The GMB union has launched proceedings against delivery company DX.
The claimants in the case argue they are being denied their rights as workers.
A ‘worker’ is a middle category in-between an ’employee’ and someone who is genuinely self-employed. Workers have fewer statutory employments than employees. but still have important rights, for example to the minimum wage and paid holidays.
“We believe that gig economy employers such as DX are trying to avoid their legal responsibilities by dressing up relations with their workers as self-employment,” says Michael Newman, of Leigh Day, the law firm acting for the claimants. “We intend to challenge this on behalf of those workers who are losing out.
“The ‘gig economy’ refers to companies operating a system where temporary positions are common and an attempt is made to label those working on short-term engagements as ‘independent contractors’,” adds Newman.

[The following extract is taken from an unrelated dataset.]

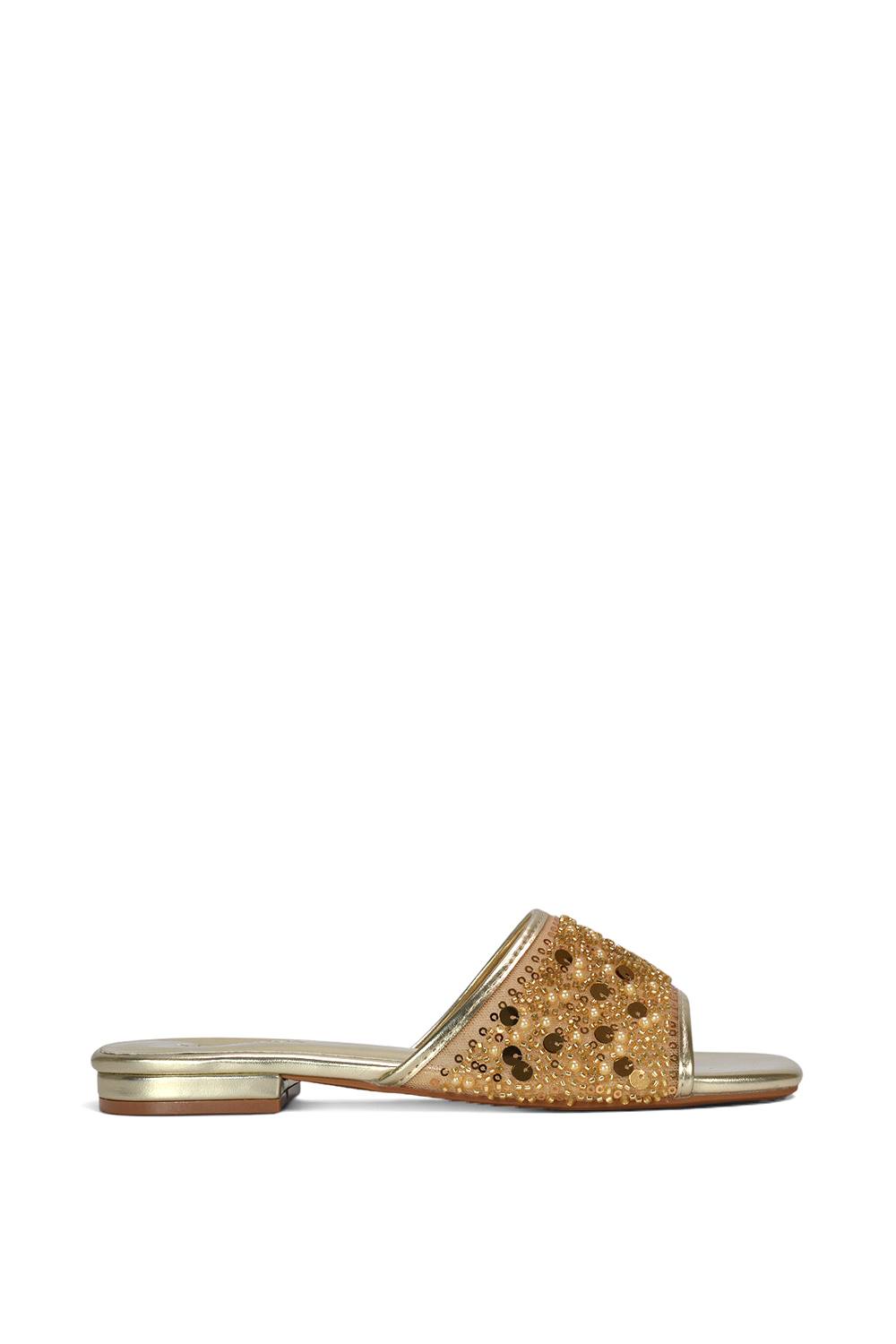 Xy London 'ziva' Embroidered Sequin Slip On Slider Sandals In Gold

“This practice can allow both the company and individual more flexibility in the way they carry out their work. However, this flexibility is often used as an excuse to deny individuals security and basic workers’ rights,” he says.
Justin Bowden, GMB National Secretary, says: “It is high time that gig economy employers like DX stepped up to their responsibilities for those who put in the hours for them. GMB will continue to challenge this shameful practice wherever we can. Multi-million pound employers need to realise that they cannot continue to avoid basic workers’ rights.”
What is the statutory definition of an employee and worker?
Section 230 of the Employment Rights Act 1996 contains the following definitions:
(1)In this Act “employee” means an individual who has entered into or works under (or, where the employment has ceased, worked under) a contract of employment.
(2)In this Act “contract of employment” means a contract of service or apprenticeship, whether express or implied, and (if it is express) whether oral or in writing.
(3)In this Act “worker” (except in the phrases “shop worker” and “betting worker”) means an individual who has entered into or works under (or, where the employment has ceased, worked under)—
(a)a contract of employment, or
(b)any other contract, whether express or implied and (if it is express) whether oral or in writing, whereby the individual undertakes to do or perform personally any work or services for another party to the contract whose status is not by virtue of the contract that of a client or customer of any profession or business undertaking carried on by the individual;
and any reference to a worker’s contract shall be construed accordingly.
What statutory rights does a worker have?
Some of the main statutory employment rights a worker has:
- The minimum wage
- Paid leave under the Working Time Regulations
- Not to suffer unlawful discrimination pursuant to the Equality Act 2010,
- Not to be subjected to a detriment because the worker has made a “protected disclosure” (section 47B(1), Employment Rights Act 1996) (commonly known as whistle blowing).
- not to work more than an average 48 hour week or to opt out out of working more than an average 48 hour week.